Bradley Gordon, an American lawyer based in Phnom Penh, said that Cambodia had strong laws on safety and other issues, drafted partly with help from international advisers over the last two decades, but that regulatory enforcement is often weak. Many factories in Cambodia have only been built in the past decade, so building collapses are rare.

Mr. Gordon predicted that the Cambodian government would be genuinely worried about Thursday’s incident and would put a great deal of effort into making sure that there would be no further collapses.

“The garment industry is one of the key industries in Cambodia and is just too important to the government and the population” for a problem like this not to receive considerable scrutiny, he said.

Worker safety advocates were quick to cite Thursday’s incident as further evidence of a need for broad changes in how the West’s clothing and footwear are now made in poor countries.

“The shoe and garment industry is built upon huge profits and little concern for the well-being of their workers,” said Tessel Pauli, a spokeswoman for the Clean Clothes Campaign. “It is inherently unsafe and dangerous to work in. As long as workers are marginalized and deprived of their basic rights, the situation will not improve.”

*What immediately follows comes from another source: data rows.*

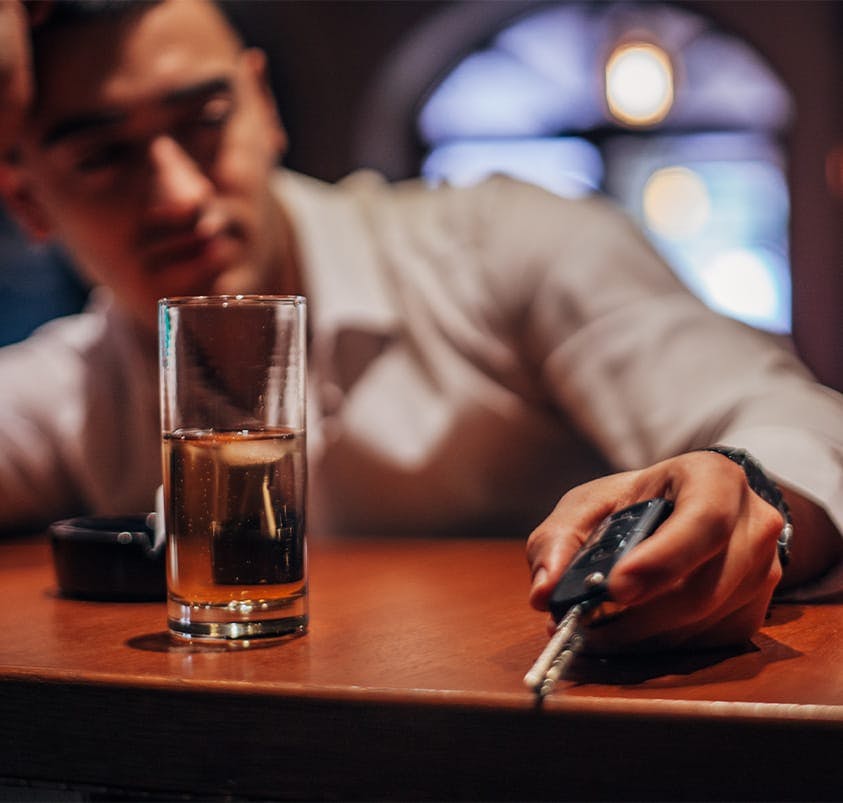 person at bar holding keys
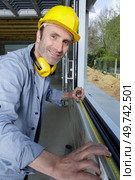 happy construction worker installing window indoors. Стоковое фото, агентство Ingram Publishing / Фотобанк Лори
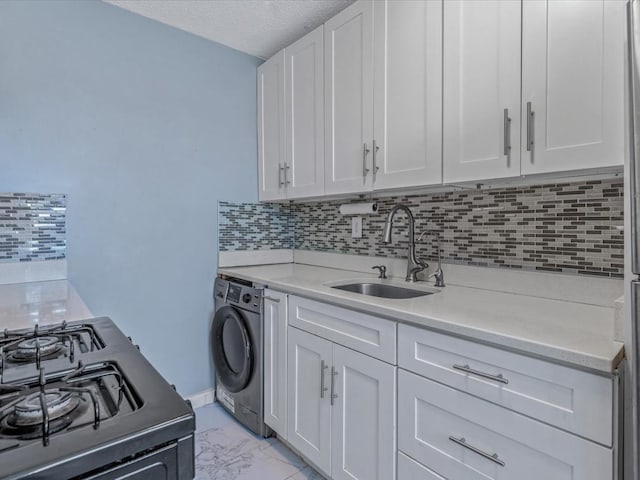 kitchen with marble finish floor, light countertops, white cabinets, a sink, and washer / dryer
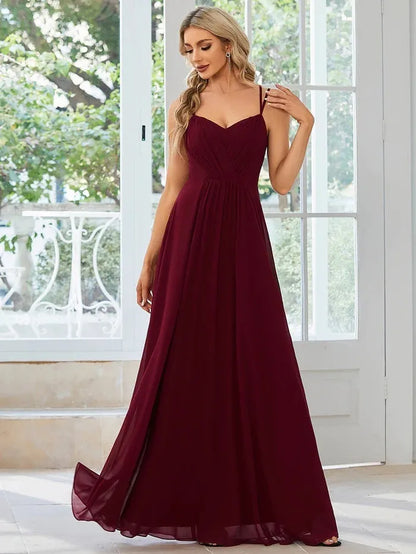 Women's sleeveless long dress with sling neckline and pleated A-line skirt in a solid colour.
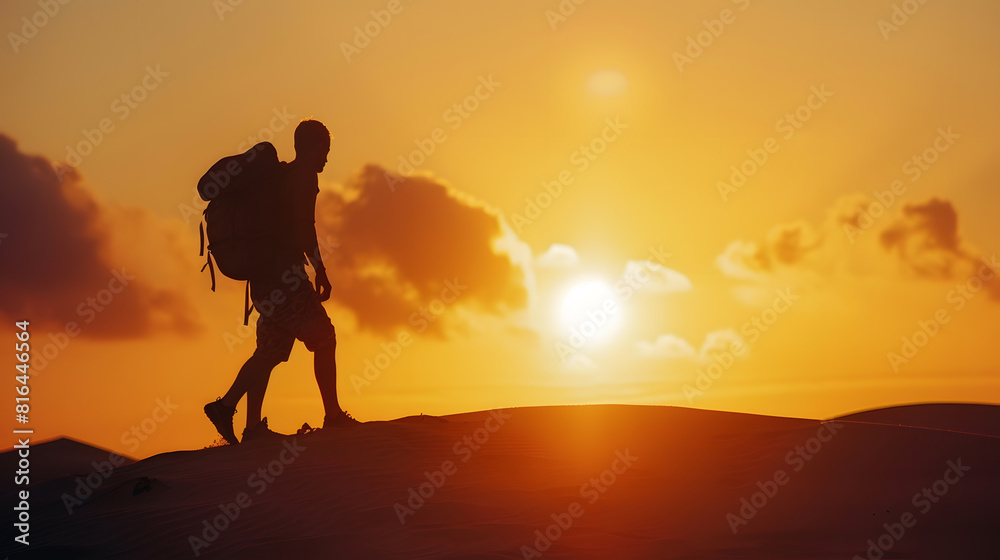 silhouette of a man with a backpack standing on a dune at sunset : Generative AI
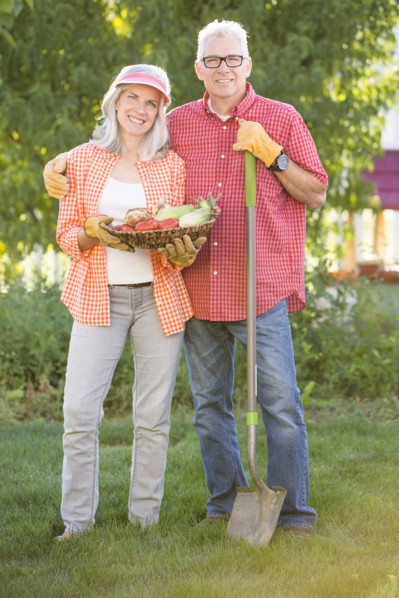 Caucasian couple gardening in backyard
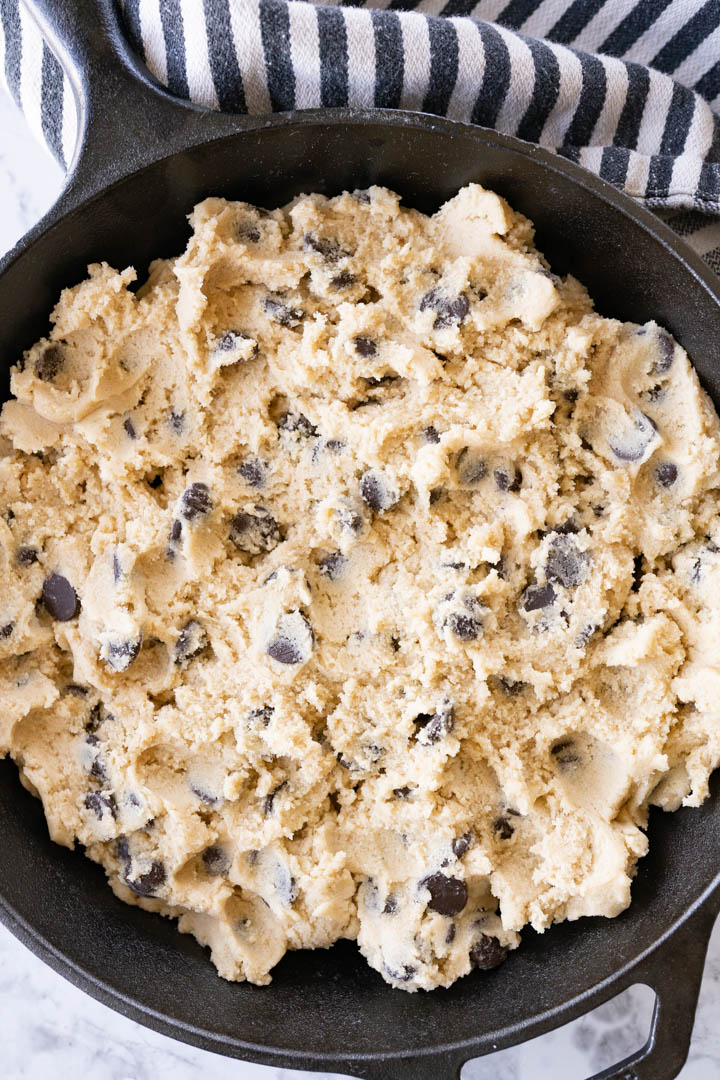 Cookie dough pressed into a skillet prior to being baked. 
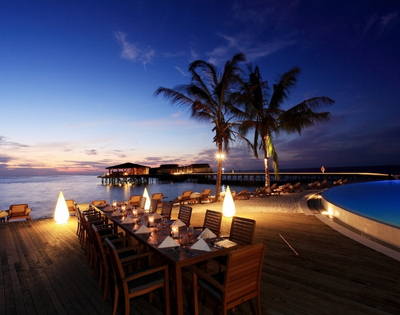 Elegant outdoor dining setup by the beach at sunset, illuminated by soft lighting, surrounded by palm trees and serene waters.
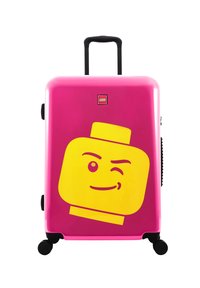Pink hard-shell luggage with a yellow LEGO figure design, featuring a telescoping handle, four black wheels, and a LEGO logo.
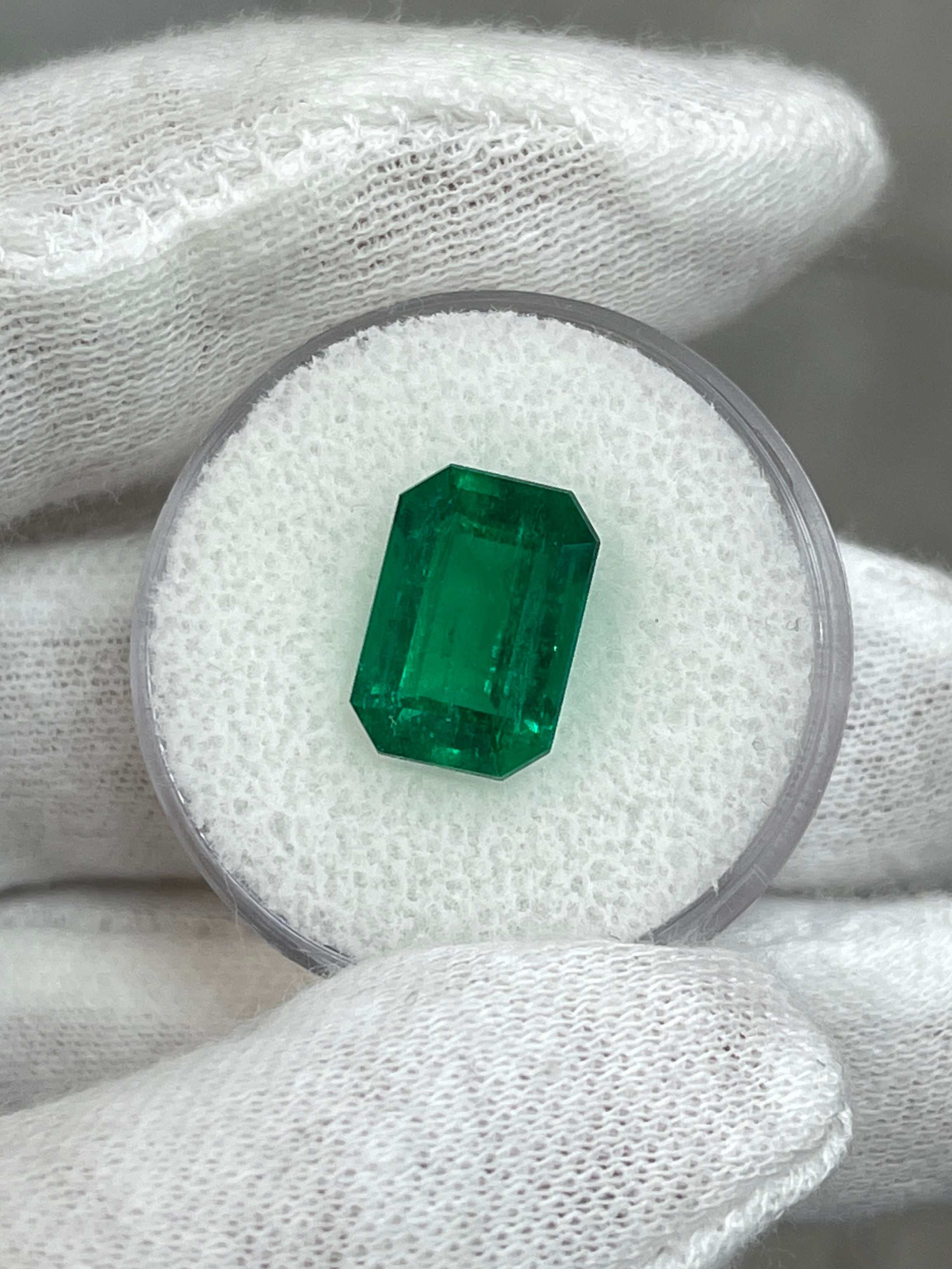 Vivid green 3.95 carat Colombian emerald cut emerald, GIA certified, loose gemstone from JR Colombian Emeralds.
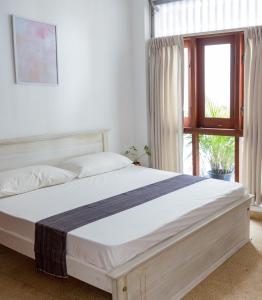 uma cama num quarto com uma janela em Greenscape Colombo em Colombo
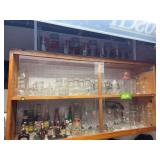 Cabinet full of drinking glasses, bottles w liquid, Olympia beer poster
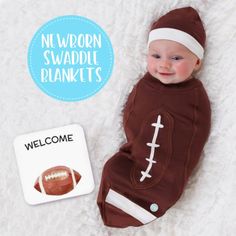 a baby in a football outfit laying next to a welcome sign with a football on it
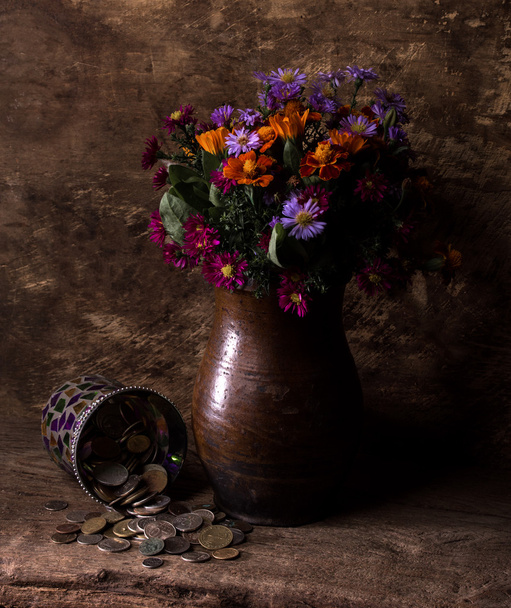 Bloemen in vaas en stapel van oude munten - Foto, afbeelding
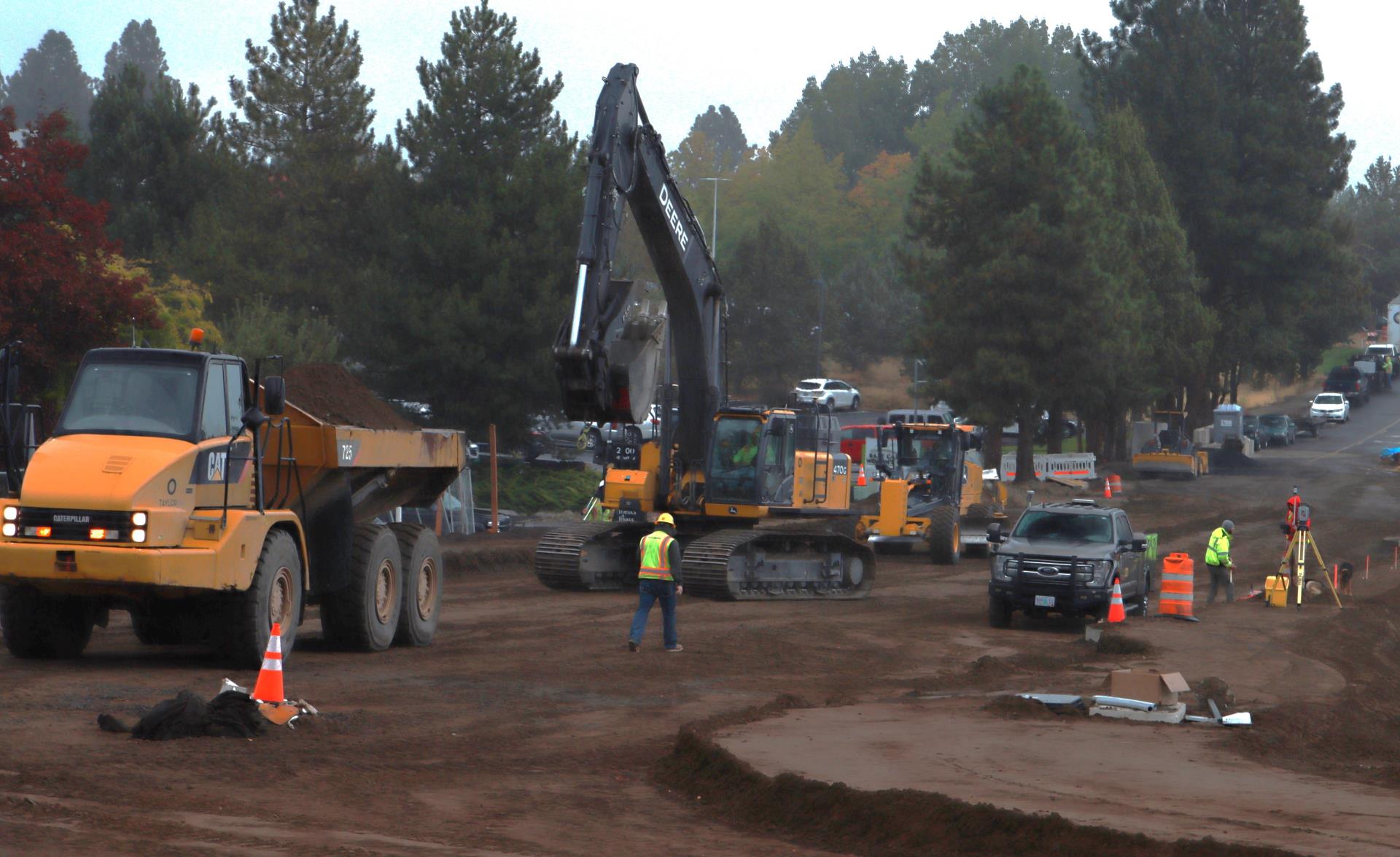 crews continue raising the roadway elevation of Neff Road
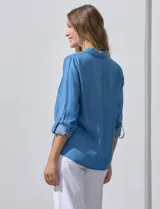 Camisa celeste de lyocell, con cuello a la base, escote en V y abertura central con botones. Tiene bolsillos aplicados en la parte delantera y mangas 3/4 regulables con presilla y botón.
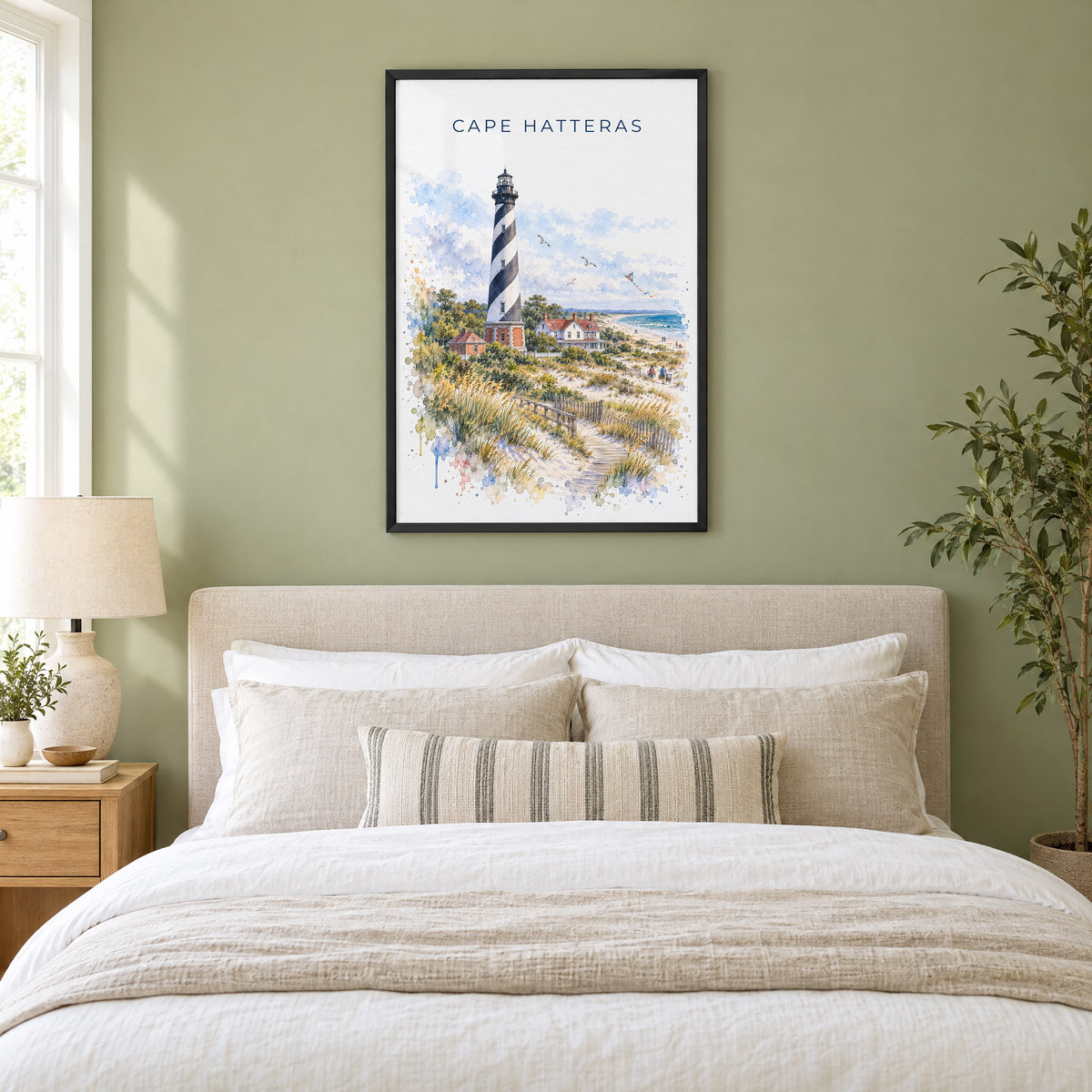 Cape Hatteras watercolor print in a black frame above an upholstered headboard in a sage green bedroom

Multinational clothing retailers have been considering Cambodia as one of several countries that could be alternatives to Bangladesh for manufacturing. Cambodia has some of the lowest labor costs in Asia, with workers earning $120 a month in salary and benefits before overtime, but that compares with just $37 in Bangladesh.

Bruce Rockowitz, the group president and chief executive at Hong Kong-based Li & Fung, one of the world’s largest sourcing companies, said in a telephone interview on Wednesday, before the Cambodian factory collapse, that the collapse of the factory in Bangladesh had already taught multinationals that visual inspections of factories’ structural stability was not enough.

“We visually always inspected them, but you need true engineers,” he said.

The far lower death toll from Thursday’s incident at the Cambodian factory, a low steel structure, than from the collapse of the eight-story Rana Plaza complex on the outskirts of Dhaka three weeks ago could intensify pressure on retailers to avoid buying from multistory factories. Any such shift could put Bangladesh, India and Pakistan at a disadvantage.

Factories in South Asia have tended to be taller because countries in that region have lagged in highway and road construction, and land prices have soared in those areas that do have good road access. In Bangladesh, factory owners have also complained of problems in persuading utilities to provide electricity and water connections suitable for larger sites.